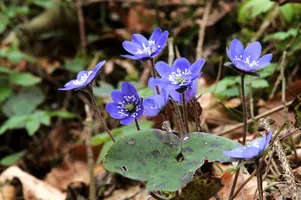 Anemone hepatica, switzerland, sankt, gallen, walenstadt, berschis, liverwort, kidneyword, anemone, hepatic, flower, woodland, blue, stamens, white, woods, hepatica, kidneywort, purple, petals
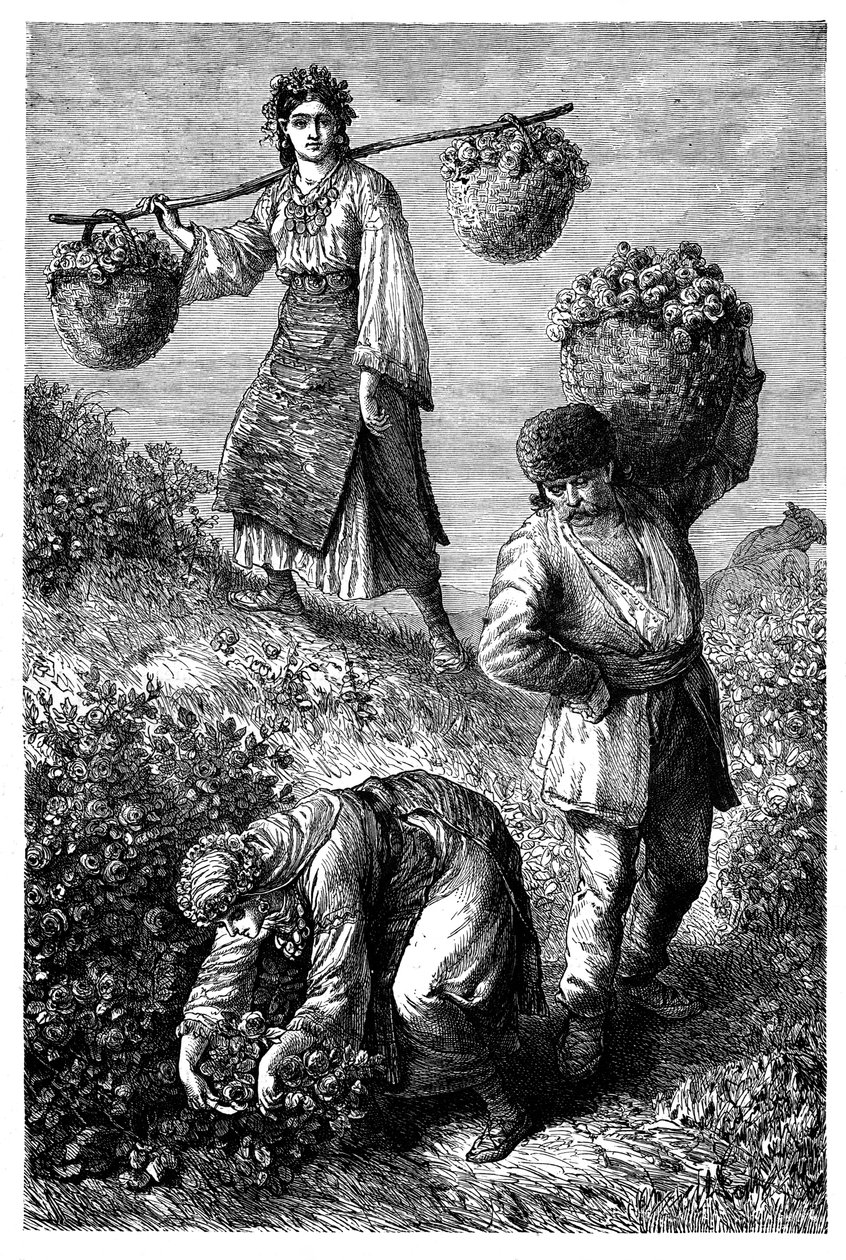 Camponeses que colhem rosas em Roumelia, c1890 de Unbekannt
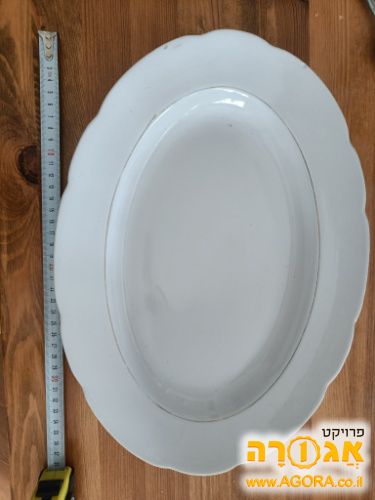 מגש להגשה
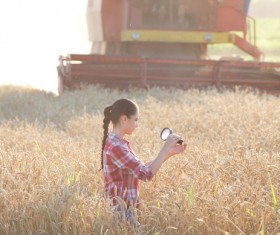 Agronomist checking the fullness of millet Stock Photo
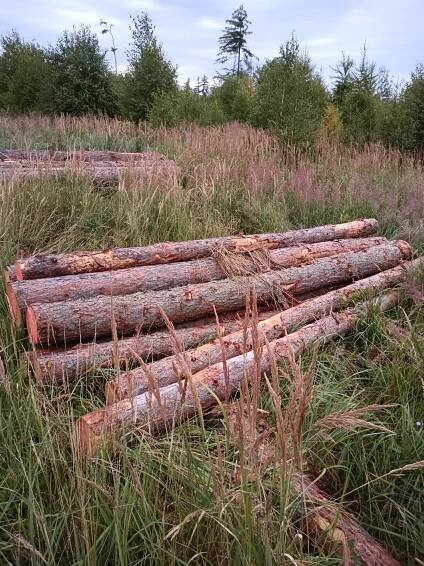 ForesTrade: Prodejní jednotka číslo 72023 - 161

### Problem to solve
Retype the lines exactly as they appear, beginning with the line that contains "Camponeses que colhem" and ending with the final line of the entries, and omit the pictures.

### Answer to this problem
 Camponeses que colhem rosas em Roumelia, c1890 de Unbekannt
 מגש להגשה
 Agronomist checking the fullness of millet Stock Photo
 ForesTrade: Prodejní jednotka číslo 72023 - 161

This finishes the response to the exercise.